EXERCISE PROMPT
Each line from the top of the listing down to and including the line with "without droughts, chilling" must be duplicated exactly; pictures are to be skipped.

PROVIDED DATA
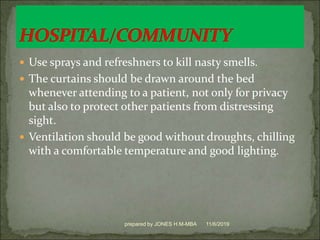  Use sprays and refreshners to kill nasty smells.
 The curtains should be drawn around the bed
whenever attending to a patient, not only for privacy
but also to protect other patients from distressing
sight.
 Ventilation should be good without droughts, chilling
with a comfortable temperature and good lighting.
11/6/2019prepared by JONES H.M-MBA
 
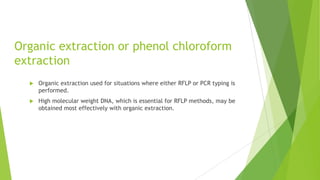 DNA EXTRACTION
 A biological sample obtained from a crime scene a paternity case contains a
number of substances besides DNA.
 Cellular proteins that package and protect DNA in the environment of the cell
can inhibit the ability to analyze the DNA. So, DNA molecules must be
separated from other cellular material before they can be examined.
 There are three DNA extraction methods
 Organic extraction
 Chelex extraction
 FTA paper
 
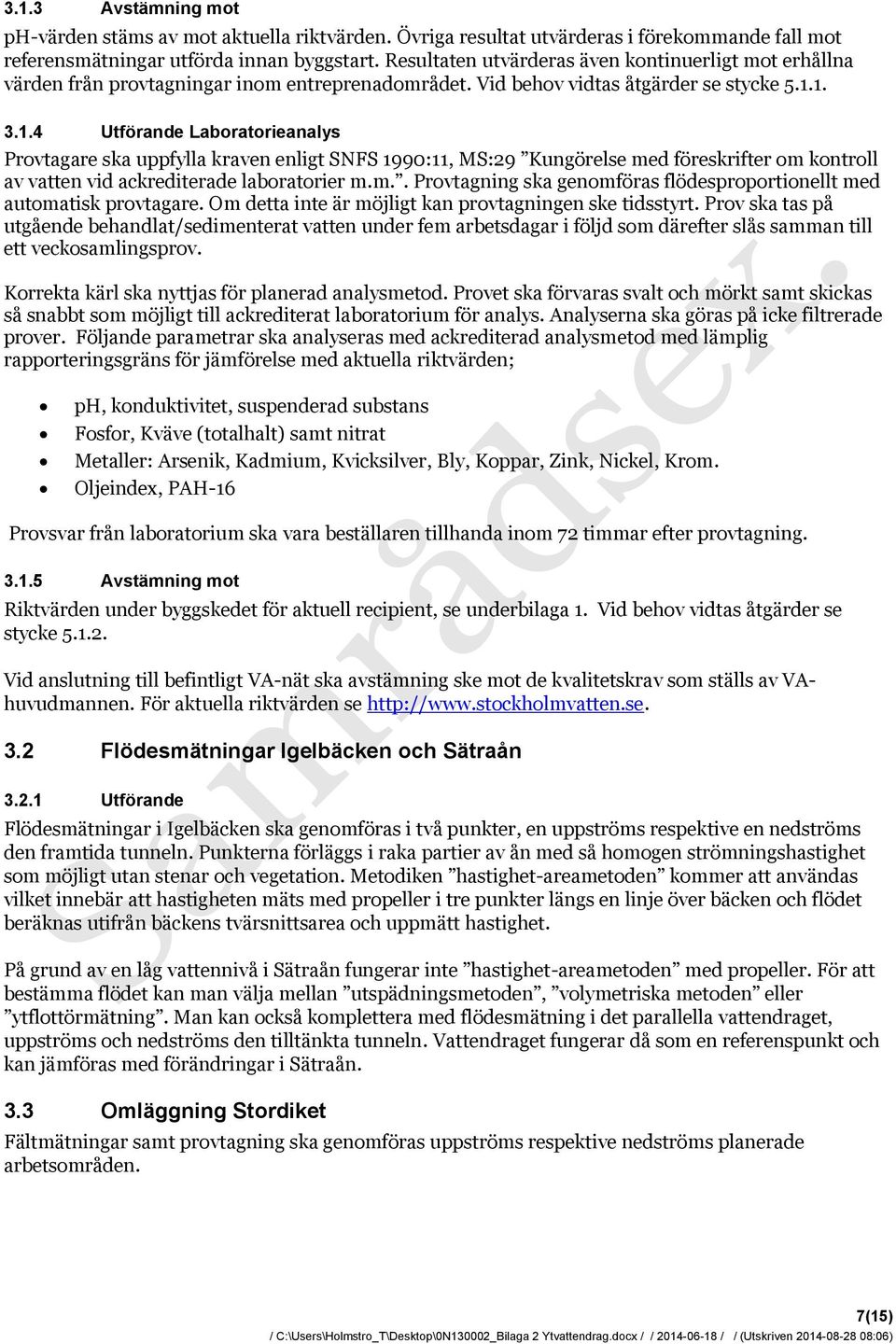 1. 3.1.4 Utförande Laboratorieanalys Provtagare ska uppfylla kraven enligt SNFS 1990:11, MS:29 Kungörelse med föreskrifter om kontroll av vatten vid ackrediterade laboratorier m.m.. Provtagning ska genomföras flödesproportionellt med automatisk provtagare.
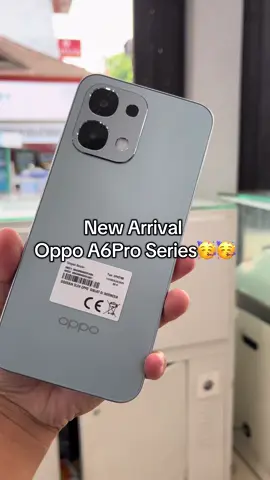 Terbaru Oppo A6Pro Series🥳🥳#a6pro #terbaru2025 #payakumbuh #fyppppppppppppppppppppppp #viraltiktok 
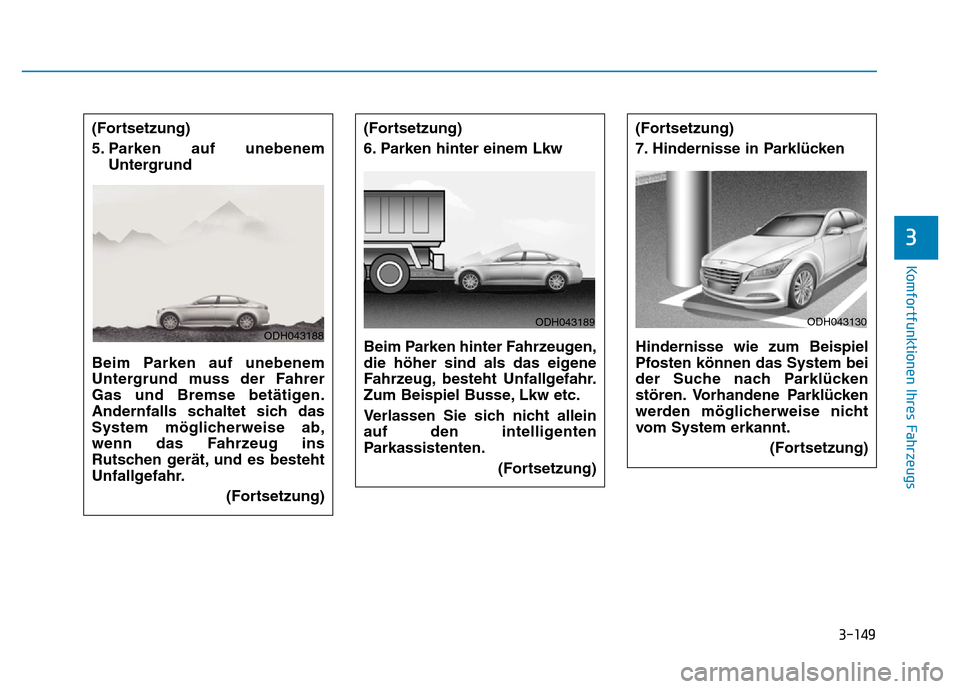 Hyundai Genesis 2016 Betriebsanleitung (in German) 3-149
Komfortfunktionen Ihres Fahrzeugs
3
(Fortsetzung)
6. Parken hinter einem Lkw
Beim Parken hinter Fahrzeugen,
die höher sind als das eigene
Fahrzeug, besteht Unfallgefahr.
Zum Beispiel Busse, L Hyundai Genesis 2016 Betriebsanleitung (in German) 3-149
Komfortfunktionen Ihres Fahrzeugs
3
(Fortsetzung)
6. Parken hinter einem Lkw
Beim Parken hinter Fahrzeugen,
die höher sind als das eigene
Fahrzeug, besteht Unfallgefahr.
Zum Beispiel Busse, L
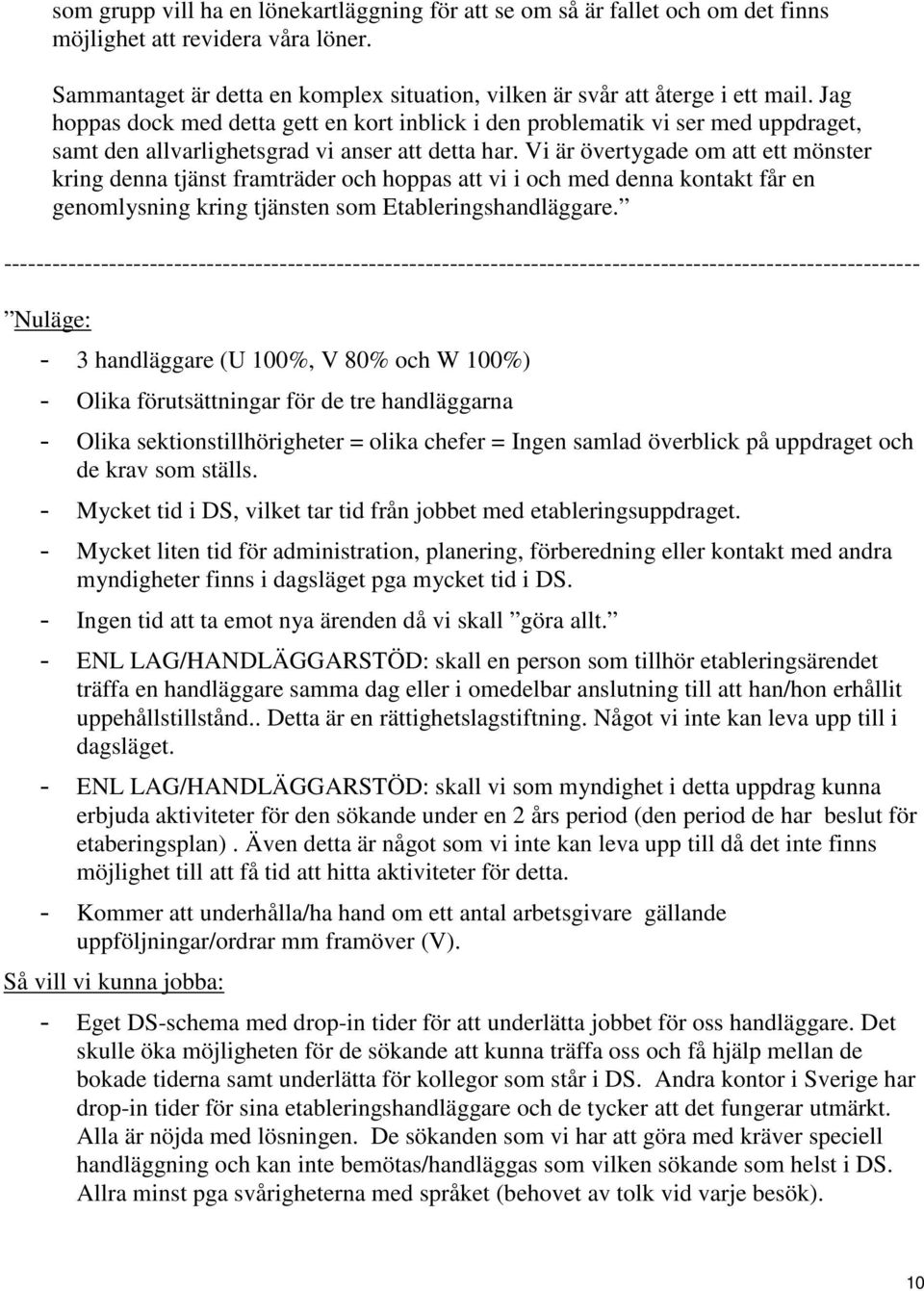 Vi är övertygade om att ett mönster kring denna tjänst framträder och hoppas att vi i och med denna kontakt får en genomlysning kring tjänsten som Etableringshandläggare.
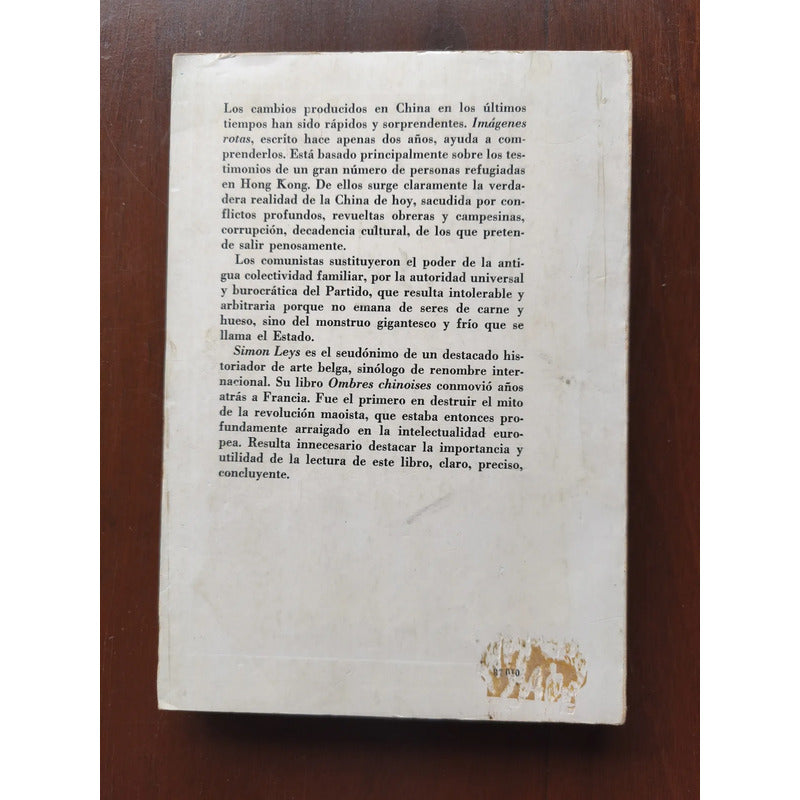 Imágenes Rotas. Simón Leys ( China Al Desnudo)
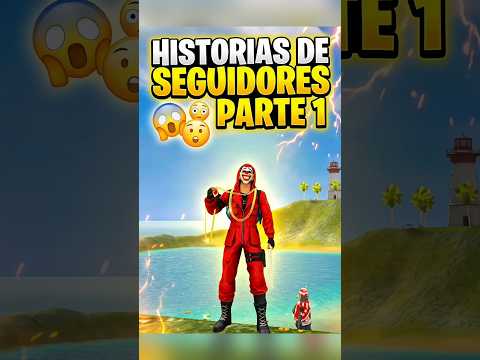 HISTORIAS DE SEGUIDORES 😲 #freefire #freefirelatam #shortvideo #shorts #reels #viral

RESPONSE TO THIS EXERCISE
  Use sprays and refreshners to kill nasty smells.
 The curtains should be drawn around the bed
whenever attending to a patient, not only for privacy
but also to protect other patients from distressing
sight.
 Ventilation should be good without droughts, chilling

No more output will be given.